I know very well what an accomodationist is. What I asked for is the relevance to anything you're talking about.
An example of one religious Darwinist who sports it as a logo?
My room mate back in grad school, a lifelong Christian, had one on his car for a while. He eventually upgraded to a Flying Spaghetti Monster, though.
I have also known lifelong Christians who bought used cars with the Jesus Fish on them, and removed them because they didn't want people to think they were creationists or fundamentalists.
The creator was an atheist:
So what? That doesn't mean everyone who buys one is an atheist, or that anyone who sees them understands them to refer to atheism.
The creator chose to use the word "Darwin" on the fish in reference to the history of educational controversies in America, and that's what Americans understand the symbol to refer to.
Is it? It seems more like using science to proselytise atheism.
Only if you equate resistance to fundie attempts to censor evolution as "atheism" (which is a core lie of the fundie campaign), and displays conveying this as "proselytizing."

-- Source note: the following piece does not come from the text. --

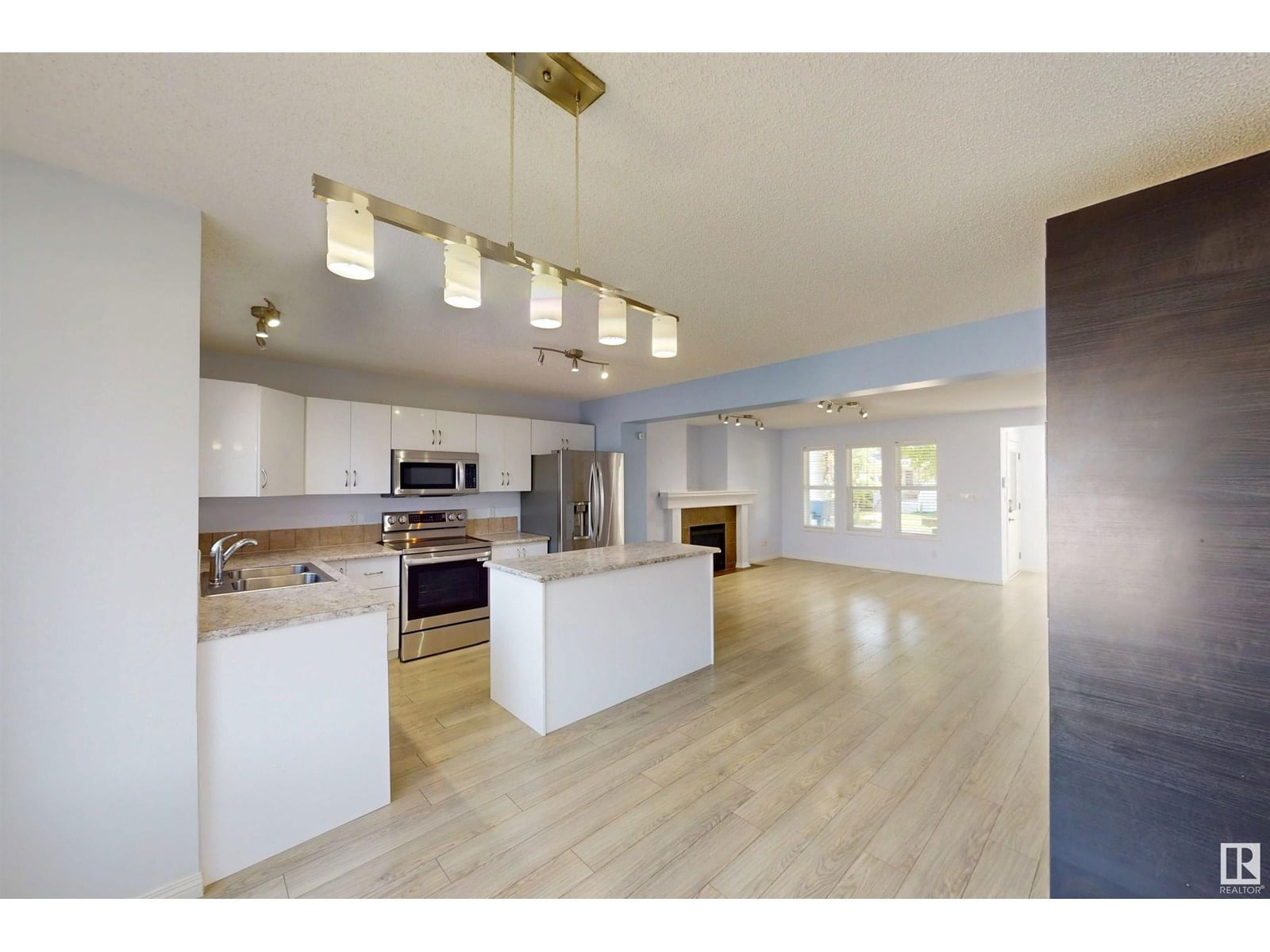 7932 14 AVE Image 16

But to anyone with an understanding of US culture and history, it's clear that these are political statements about fundamentalist political campaigns (largely about educational policy).
Of course you do. You cannot see how he is associating understanding science with requiring atheism.

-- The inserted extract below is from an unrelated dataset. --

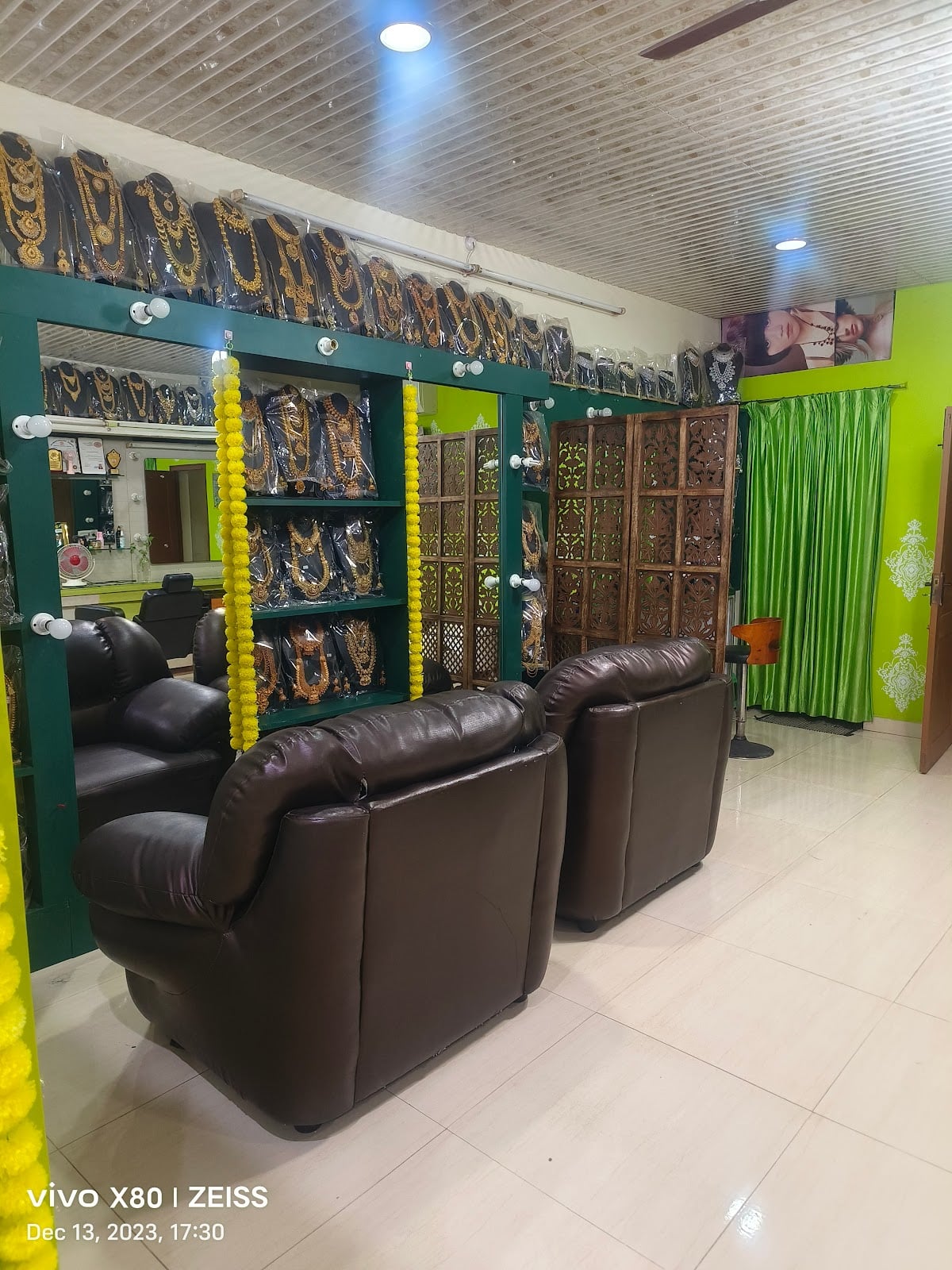 Subiksha Ladies Beauty Parlour & Gym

That's because he isn't. The only way to impose such an interpretation on those words is to equate fundamentalism with all religion (and so, resistance to fundamentalism with atheism). Which -
again - is the classic lie perpetrated by fundamentalists, in their pursuit of social control.
And what you'd been accusing him of, previously, was "conflating atheism with science," which is an altogether different matter than "associating understanding science with requiring atheism." Which itself is an altogether different matter than what he did do, which was note that the incidence of atheism increases as you climb the scientific achievement ladder. He's never said that you
must be an atheist to understand science.

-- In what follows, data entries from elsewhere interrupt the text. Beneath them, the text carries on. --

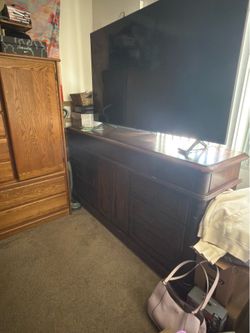 Large Walnut TV stand! 60inches
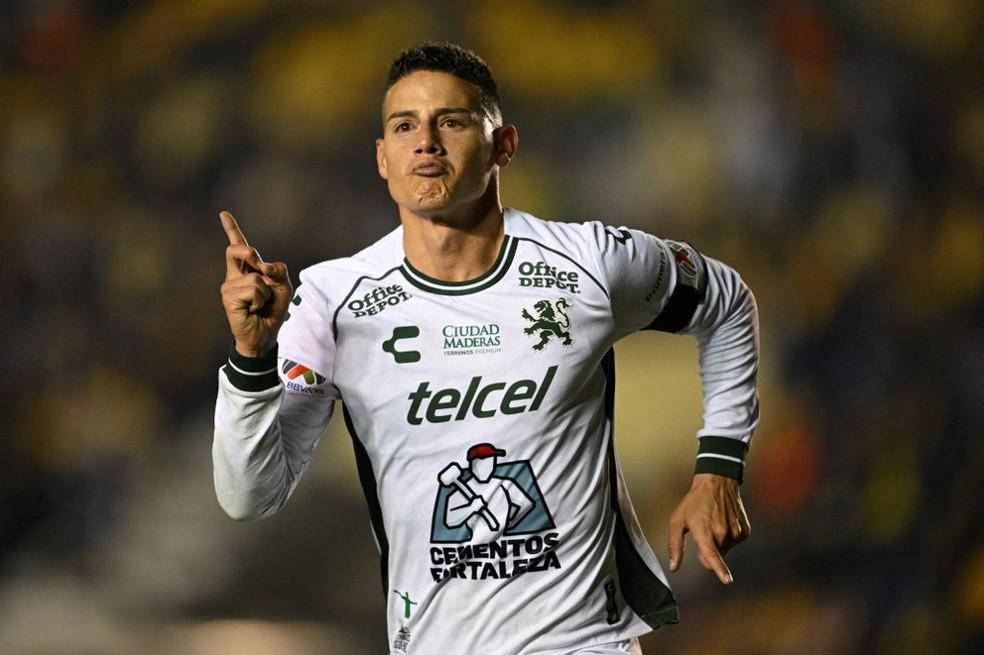 James Rodriguez comemora gol marcado em America-MEX 1 x 1 Club Leon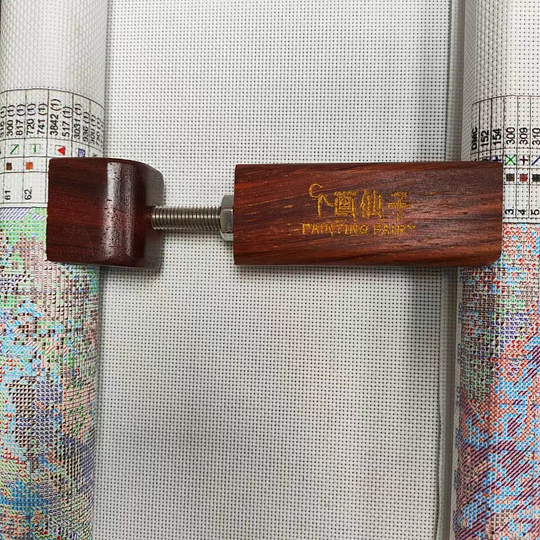 Red Pear Pole Cross Embroidered Embroidered Frame Home Pole Anti Bending Beech Pole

It would greatly behoove you to think your statements through before posting them, and expend an effort to actually figure out what you're trying to say and what words would correctly encapsulate that. Not only will people understand you better, the consistency in your speech would eventually translate into consistency in your thoughts.
The town I grew up in hosts the highest per-capita concentration of PhD scientists on Earth, and also a very high per-capita concentration of churches/synagogues/temples/etc. There was no shortage of religious people of high scientific achievement, there. But anyone who suggested teaching creationism in schools (and there were a few - including a geologist, of all people) was regarded as a quack and a disservice to their faith community. But in other places where the commitment to science is not as high, the fundies are more successful in co-opting their communities, and so do real damage.